The task → Please copy out every line in the entries that includes the word "inside".

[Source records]
--

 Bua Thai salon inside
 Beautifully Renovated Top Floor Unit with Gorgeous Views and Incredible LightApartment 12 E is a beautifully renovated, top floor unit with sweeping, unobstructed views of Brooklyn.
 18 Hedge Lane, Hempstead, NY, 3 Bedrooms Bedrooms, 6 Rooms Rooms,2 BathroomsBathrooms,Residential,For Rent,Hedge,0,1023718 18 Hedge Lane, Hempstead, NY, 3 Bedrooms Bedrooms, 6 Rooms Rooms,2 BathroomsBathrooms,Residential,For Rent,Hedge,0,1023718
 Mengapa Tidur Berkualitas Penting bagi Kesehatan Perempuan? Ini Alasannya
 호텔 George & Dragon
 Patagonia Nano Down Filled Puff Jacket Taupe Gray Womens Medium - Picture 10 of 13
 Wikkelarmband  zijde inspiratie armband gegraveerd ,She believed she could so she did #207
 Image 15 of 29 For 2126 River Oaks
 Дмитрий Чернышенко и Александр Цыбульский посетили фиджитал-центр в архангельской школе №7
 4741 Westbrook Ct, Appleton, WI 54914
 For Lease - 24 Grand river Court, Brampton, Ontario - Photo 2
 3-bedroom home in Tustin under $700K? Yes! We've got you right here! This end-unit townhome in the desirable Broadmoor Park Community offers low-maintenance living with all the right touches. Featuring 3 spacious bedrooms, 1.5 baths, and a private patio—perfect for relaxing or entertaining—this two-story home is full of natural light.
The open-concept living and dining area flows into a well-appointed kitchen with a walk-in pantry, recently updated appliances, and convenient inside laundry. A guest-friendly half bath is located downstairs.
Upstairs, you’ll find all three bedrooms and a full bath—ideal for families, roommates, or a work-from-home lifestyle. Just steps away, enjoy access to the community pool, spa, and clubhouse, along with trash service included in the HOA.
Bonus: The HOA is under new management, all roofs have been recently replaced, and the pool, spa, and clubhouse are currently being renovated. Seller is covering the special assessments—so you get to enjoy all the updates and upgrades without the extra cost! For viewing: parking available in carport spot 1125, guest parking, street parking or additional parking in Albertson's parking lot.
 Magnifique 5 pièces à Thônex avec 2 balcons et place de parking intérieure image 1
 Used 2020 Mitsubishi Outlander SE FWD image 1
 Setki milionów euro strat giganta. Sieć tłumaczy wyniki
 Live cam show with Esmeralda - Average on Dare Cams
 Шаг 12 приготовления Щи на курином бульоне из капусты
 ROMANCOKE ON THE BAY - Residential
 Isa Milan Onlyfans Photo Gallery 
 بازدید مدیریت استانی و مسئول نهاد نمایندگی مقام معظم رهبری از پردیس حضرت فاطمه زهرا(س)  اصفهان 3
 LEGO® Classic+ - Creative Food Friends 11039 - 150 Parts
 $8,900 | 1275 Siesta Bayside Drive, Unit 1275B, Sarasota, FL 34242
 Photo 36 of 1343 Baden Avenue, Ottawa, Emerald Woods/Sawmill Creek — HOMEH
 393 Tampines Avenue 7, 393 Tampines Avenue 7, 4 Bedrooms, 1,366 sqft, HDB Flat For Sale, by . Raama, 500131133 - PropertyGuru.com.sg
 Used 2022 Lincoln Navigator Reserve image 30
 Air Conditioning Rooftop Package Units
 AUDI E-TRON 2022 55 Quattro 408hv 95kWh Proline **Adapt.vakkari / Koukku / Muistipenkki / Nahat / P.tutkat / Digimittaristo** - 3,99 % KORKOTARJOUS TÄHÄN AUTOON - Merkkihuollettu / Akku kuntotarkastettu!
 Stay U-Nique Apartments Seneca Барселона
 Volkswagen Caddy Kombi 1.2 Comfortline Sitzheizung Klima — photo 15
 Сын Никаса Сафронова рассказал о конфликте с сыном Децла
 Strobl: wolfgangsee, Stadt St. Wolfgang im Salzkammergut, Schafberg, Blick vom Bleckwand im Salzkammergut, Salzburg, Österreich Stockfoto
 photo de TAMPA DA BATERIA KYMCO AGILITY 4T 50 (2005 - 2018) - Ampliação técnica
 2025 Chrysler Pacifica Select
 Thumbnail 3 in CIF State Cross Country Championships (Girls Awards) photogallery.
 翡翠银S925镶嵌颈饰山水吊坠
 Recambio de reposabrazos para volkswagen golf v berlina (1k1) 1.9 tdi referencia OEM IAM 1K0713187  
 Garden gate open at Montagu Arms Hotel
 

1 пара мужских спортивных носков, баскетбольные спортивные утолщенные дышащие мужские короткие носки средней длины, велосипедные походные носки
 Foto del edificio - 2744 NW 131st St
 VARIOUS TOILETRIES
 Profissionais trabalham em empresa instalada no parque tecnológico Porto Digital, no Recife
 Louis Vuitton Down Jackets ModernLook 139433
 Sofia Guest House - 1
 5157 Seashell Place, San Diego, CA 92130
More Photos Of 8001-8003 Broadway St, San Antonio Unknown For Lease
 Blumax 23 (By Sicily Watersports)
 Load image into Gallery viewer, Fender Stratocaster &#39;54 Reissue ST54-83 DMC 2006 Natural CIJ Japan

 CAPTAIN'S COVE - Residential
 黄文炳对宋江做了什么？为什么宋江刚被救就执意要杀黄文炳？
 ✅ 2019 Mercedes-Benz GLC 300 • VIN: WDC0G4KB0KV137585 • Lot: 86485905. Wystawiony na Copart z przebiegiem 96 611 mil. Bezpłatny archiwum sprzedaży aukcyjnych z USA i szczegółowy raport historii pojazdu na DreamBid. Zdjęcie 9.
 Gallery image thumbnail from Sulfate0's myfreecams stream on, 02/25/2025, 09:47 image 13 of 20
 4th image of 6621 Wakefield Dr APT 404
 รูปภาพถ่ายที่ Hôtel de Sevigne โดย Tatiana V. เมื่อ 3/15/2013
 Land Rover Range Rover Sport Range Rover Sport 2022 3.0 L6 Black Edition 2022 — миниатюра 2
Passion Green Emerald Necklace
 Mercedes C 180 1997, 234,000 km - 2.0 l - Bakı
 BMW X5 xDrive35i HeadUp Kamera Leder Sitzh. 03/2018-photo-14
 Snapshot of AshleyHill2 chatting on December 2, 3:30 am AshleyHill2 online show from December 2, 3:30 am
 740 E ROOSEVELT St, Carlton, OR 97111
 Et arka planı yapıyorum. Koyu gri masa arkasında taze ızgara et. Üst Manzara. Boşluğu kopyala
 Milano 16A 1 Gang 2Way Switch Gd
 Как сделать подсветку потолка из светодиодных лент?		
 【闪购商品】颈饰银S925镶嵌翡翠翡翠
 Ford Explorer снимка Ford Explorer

--

Result for this task →
 Bua Thai salon inside
The open-concept living and dining area flows into a well-appointed kitchen with a walk-in pantry, recently updated appliances, and convenient inside laundry. A guest-friendly half bath is located downstairs.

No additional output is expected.